Today Donna Montalbano will interview me on the online radio show, “Adoption Discussions” which appears on Woonsocket Radio 1240. You can stream it live, or listen to it later, by clicking here.
By the way, I had a great reading at the Wisconsin Book Festival last week. The event was well-attended, followed by thought-provoking discussion, and I got to meet Laura, an 11-year-old adoptee who lives in Madison and is one of the most insightful and curious kids I’ve ever met. The reading felt like a success because of the connection with Laura, alone: it was one of those moments that confirmed the reasons I wrote Between Light and Shadow.
Montalbano bills this particular show as “a not-to-be-missed program, and especially timely because of the recent court ruling in the adoption of Karen Abigail Monahan Vanhorn (which I’ve written about here), who was adopted from Guatemala when she was two years old by an American couple. It was later discovered that the child was kidnapped from her Guatemalan family, and the Guatemalan court ruled that she should be returned to her natural mother. Karen Abigail is now six, and an American court has now also ruled that she must be returned to her Guatemalan family.”

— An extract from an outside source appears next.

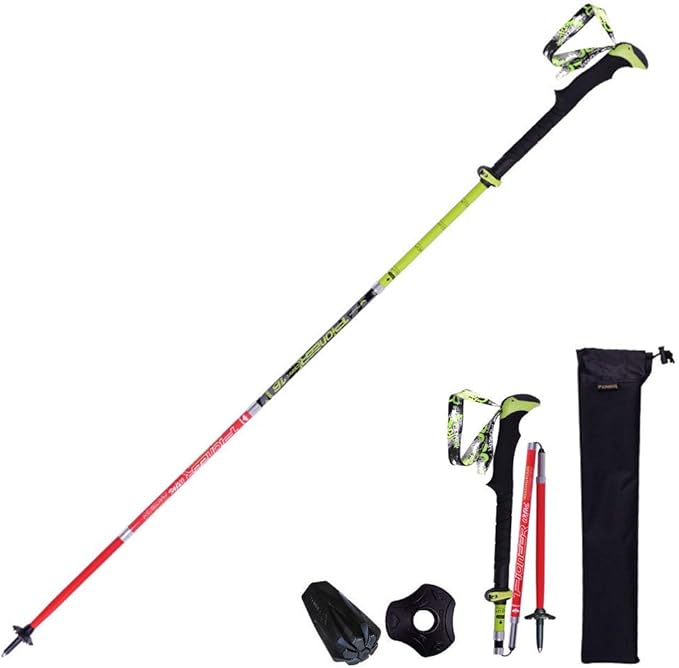 Hiking Poles 7001 Super-Hard Aluminum, Carbon Fiber Trekking Poles Lightweight Collapsible Folding Walking Sticks Included...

According to Montalbano’s website, the impetus for her show is this:
“Just about every American is somehow touched by adoption personally or professionally. Under the umbrella of modern adoption are triad members of course: adoptees, birth parents and adoptive parents; along with the triad’s extended family circles. Foster parents and foster children (the kids in limbo) are front and center too. Along with the forgotten band of children whose numbers are growing every day: the children who are born through surrogates or egg/sperm donorship. Behind them stand the professionals and educators, the authors and movie-makers, the politicians, doctors, lawyers and social workers. The adoption agents and the leaders of the huge variety of national and international adoption organizations and support groups. They all have something to say, and in order to understand the evolution and revolution now taking place in the world of adoption, we must listen.”